La fisiologia energetica taoista è basata sulla trasformazione
delle tre forme d’energia sottile Jing, Qi e Shen chiamate le ‘tre
gemme’ o ‘San Bao’ che sono elaborate e trasformate nei tre Dantian
(campo del cinabro). La loro localizzazione nel corpo é la seguente:
il dantian inferiore (Xia dantian) localizzato nel ventre, é la sede
dell’essenza vitale o jing ; il dantian mediano ( Zhong dantian)
localizzato nel torace, é la sede del soffio o qi ; il dantian
superiore (Shan dantian) localizzato nella testa é la sede
dell’energia spirituale o shen. Ognuno di questi campi é una tappa
fondamentale del lavoro psicofisiologico di trasformazione che si
svolge in successione, partendo dalla
1° tappa (trasformare l’essenza in soffio) in cui nel
dantian inferiore l’essenza vitale Jing si sublima e si trasforma in
energia vitale o qi (soffio).
Nella 2° tappa (trasformare il soffio in spirito ) il soffio
vitale prosegue nel campo mediano dove è sublimato e trasformato in
energia spirituale o Shen.
Nella 3° tappa (trasformare lo spirito in vuoto), lo Shen,
a sua volta sublimato e trasformato nel campo superiore, ritorna a
Xu, la suprema vacuità. Nel presente articolo, per ovvi motivi di
spazio, analizzeremo solo la prima tappa, le altre le vedremo nel
prossimo.
1° Stadio (Trasformazione dello Jing in Qi Il primo
stadio, consistente nel raffinare il Jing (essenza fisiologica
generativa) in Qi (energia o soffio vitale), che avviene a livello
del dantian inferiore richiede che la mente-cuore si armonizzi con
il pensiero o volontà cosciente. I pensieri disordinati, gli eccessi
emotivi, le emozioni incontrollate possono danneggiare il libero fluire
del qi. Ecco perché il processo di armonizzazione tra mente-cuore e
volontà cosciente richiede che:
1° Il pensiero o volontà cosciente deve raggiungere la quiete
(Yi Jing)
2° La forma corporea deve essere corretta (Xing Zheng)
3°
Il qi deve fluire liberamente (Qi Shun) .

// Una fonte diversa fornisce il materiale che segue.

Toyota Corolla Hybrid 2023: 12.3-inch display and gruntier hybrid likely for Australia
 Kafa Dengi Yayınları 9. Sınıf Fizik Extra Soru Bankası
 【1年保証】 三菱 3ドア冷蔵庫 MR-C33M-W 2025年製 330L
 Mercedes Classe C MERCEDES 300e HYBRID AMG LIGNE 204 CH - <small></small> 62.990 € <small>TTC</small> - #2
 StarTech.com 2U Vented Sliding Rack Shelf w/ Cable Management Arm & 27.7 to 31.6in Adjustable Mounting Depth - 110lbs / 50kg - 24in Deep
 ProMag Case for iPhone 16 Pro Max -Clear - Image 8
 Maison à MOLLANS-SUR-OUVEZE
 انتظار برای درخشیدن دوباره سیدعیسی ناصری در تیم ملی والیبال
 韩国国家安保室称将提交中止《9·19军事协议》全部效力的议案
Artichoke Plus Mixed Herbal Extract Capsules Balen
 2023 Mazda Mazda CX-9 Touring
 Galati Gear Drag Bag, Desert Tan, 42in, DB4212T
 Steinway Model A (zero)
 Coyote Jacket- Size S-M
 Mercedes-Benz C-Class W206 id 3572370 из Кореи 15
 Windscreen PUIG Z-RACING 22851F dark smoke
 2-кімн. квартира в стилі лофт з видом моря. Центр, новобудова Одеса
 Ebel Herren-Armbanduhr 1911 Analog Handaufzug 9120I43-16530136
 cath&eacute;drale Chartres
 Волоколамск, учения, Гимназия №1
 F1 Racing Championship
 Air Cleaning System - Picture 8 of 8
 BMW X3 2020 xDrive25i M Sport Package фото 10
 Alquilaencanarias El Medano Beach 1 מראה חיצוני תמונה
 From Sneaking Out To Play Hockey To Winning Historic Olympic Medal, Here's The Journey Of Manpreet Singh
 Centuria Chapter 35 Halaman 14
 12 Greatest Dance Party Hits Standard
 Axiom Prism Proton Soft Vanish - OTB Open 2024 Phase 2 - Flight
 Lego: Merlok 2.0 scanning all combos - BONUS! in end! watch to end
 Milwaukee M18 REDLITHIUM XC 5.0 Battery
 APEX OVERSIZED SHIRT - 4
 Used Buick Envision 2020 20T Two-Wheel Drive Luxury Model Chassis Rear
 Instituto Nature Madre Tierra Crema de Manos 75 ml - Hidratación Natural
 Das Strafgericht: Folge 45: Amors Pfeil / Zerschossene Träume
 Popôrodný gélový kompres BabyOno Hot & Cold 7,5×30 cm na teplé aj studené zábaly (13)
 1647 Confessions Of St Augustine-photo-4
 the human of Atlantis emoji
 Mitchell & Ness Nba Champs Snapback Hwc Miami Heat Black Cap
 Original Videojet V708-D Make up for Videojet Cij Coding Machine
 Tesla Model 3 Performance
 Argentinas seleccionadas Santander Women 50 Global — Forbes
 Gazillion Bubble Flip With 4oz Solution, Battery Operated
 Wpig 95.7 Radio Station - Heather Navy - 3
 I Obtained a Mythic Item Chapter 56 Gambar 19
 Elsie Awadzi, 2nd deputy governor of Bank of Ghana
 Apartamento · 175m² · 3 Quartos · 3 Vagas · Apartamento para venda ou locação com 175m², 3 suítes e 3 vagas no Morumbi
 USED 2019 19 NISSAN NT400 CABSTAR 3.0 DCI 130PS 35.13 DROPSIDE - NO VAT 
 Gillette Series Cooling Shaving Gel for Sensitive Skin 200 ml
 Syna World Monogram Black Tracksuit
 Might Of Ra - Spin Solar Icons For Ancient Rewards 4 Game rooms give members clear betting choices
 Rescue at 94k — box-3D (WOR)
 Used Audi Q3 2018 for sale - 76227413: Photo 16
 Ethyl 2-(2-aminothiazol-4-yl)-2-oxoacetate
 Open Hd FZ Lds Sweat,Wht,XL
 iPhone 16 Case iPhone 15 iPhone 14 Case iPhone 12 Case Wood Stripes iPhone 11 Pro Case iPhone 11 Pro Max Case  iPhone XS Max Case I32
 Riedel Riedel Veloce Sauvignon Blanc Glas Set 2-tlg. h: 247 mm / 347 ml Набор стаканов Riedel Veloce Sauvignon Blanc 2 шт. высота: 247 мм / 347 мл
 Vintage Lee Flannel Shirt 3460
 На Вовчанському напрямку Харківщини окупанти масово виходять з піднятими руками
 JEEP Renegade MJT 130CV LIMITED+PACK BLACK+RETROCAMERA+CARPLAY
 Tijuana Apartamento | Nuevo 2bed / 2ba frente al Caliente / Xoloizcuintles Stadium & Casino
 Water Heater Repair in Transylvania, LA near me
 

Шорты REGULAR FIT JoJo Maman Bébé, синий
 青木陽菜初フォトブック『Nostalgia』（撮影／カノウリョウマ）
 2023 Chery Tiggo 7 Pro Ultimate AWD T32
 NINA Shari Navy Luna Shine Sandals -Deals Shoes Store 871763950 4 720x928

1° Il pensiero o volontà cosciente deve raggiunger la quiete (Yi
Jing).
Questo è il primo gradino, ma per la mentalità cinese ciò che
è posto all’inizio rappresenta anche un punto d’arrivo. Così è,
infatti! Una mente inquieta, confusa è il primo ostacolo da
superare, così come una mente calma e tranquilla, oltre che
condizione minima indispensabile per la riuscita dell’opera, è anche
un fondamentale risultato. L’attività della mente non si ferma mai,
l’uomo comune é continuamente coinvolto in un dialogo interiore
senza sosta, che impedisce la calma ed agita i pensieri come il
vento le acque di un lago. Gli antichi maestri taoisti, che
partivano da una visione unificante, sapevano tutto questo, come
sapevano anche che è più facile pacificare, ordinare il flusso e la
qualità dei nostri pensieri coscienti, paragonati nel loro
manifestarsi a una scimmia ubriaca e a un cavallo irrequieto, che
non domare le onde emotive o bloccare l’eruttare delle passioni,
ecco perché mettono come primo gradino la pace del pensiero
cosciente (Yi Jing).
Il pensiero ordinato
aiuta la vita emotiva (la
mente-cuore)
Le emozioni
ordinate aiutano la regione (il pensiero cosciente)
2° La forma corporea deve essere corretta (Xing Zheng)
Il secondo requisito richiesto riguarda la forma corporea.
Sviluppare una forma corporea corretta significa elevare al massimo
le abilità fisiche del corpo per renderlo forte, coordinato ed efficiente.
Ciò comporta un lavoro serio e rigoroso di tipo interno (Nei Gong)
sui meridiani, sugli organi interni e sulla struttura profonda, e
uno di tipo esterno (Wai Gong) sull’allineamento strutturale e
sull’integrazione funzionale della caratteristiche statico/dinamiche
della struttura corporea nelle sue componenti fondamentali: A)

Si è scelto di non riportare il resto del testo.